In 1912, excavation for a new form of subterranean transit was underway—the New York City subway. Construction crews were tasked with clearing out the remains of Beach’s pneumatic tunnel to make way for subway lines. In doing so, they uncovered an intact passenger car, the station’s grand piano, and the tunneling shield Beach had invented, artifacts from a forgotten time in New York’s history.

All said, Beach’s legacy in New York was not completely lost; in an ironic twist, his 1869 cover-up became a reality. One year after his death, New York City’s postal service adopted a pneumatic system for delivering mail, installing miles of underground tubes across Manhattan. These pneumatic tubes were used for postal deliveries until 1953, and many still exist beneath the city today.
Pneumatic systems have largely been replaced by newer technologies, but that hasn’t diminished their allure. In the late 1960’s, engineers at Lockheed Martin toyed with the idea of a 400-mile long pneumatic railway connecting New York and Washington D.C.. Since 2013, Elon Musk’s SpaceX has promoted concepts for the “Hyperloop”, a high-speed, air-powered train operating under the same principles as Beach’s Pneumatic Transit System.

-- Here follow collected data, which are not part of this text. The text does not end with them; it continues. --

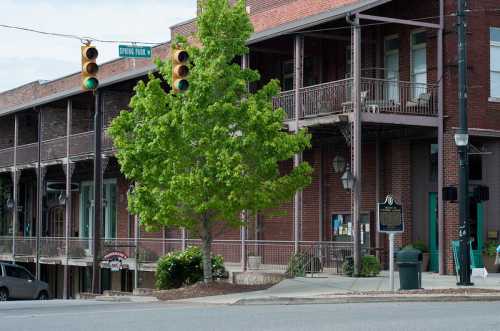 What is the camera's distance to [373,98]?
1146 inches

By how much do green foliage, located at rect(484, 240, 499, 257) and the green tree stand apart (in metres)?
7.07

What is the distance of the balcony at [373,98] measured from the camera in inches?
1093

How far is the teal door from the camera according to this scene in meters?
29.0

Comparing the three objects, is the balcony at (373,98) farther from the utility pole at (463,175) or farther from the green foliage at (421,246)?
the green foliage at (421,246)

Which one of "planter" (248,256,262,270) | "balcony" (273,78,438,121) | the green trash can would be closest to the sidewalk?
the green trash can

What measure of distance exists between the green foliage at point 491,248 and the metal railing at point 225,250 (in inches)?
168

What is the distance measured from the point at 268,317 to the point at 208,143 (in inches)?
320

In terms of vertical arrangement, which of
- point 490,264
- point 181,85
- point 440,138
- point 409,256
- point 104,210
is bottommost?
point 490,264

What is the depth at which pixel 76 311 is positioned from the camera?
66.3ft

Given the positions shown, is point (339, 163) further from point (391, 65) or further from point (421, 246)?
point (421, 246)

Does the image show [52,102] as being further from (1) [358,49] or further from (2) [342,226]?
(1) [358,49]

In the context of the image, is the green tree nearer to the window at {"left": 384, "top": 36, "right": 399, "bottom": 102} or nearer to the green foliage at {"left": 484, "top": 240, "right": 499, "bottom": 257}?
the window at {"left": 384, "top": 36, "right": 399, "bottom": 102}

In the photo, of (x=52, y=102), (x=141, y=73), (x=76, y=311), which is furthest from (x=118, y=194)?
(x=76, y=311)

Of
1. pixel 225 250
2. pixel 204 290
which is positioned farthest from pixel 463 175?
pixel 225 250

As of 2025, pneumatic public transportation has yet to enjoy its time in the spotlight. For now, a plaque honors Alfred Beach in City Hall station, marking the former location of his railway tunnel and recognizing his influence in the development of New York’s current subway system. This seems to be the only physical reminder of Beach’s Pneumatic Transit System left—everything else has been lost to fire, construction, and human error. Today, all that remains is the story of the ultra-modern transit system that never was.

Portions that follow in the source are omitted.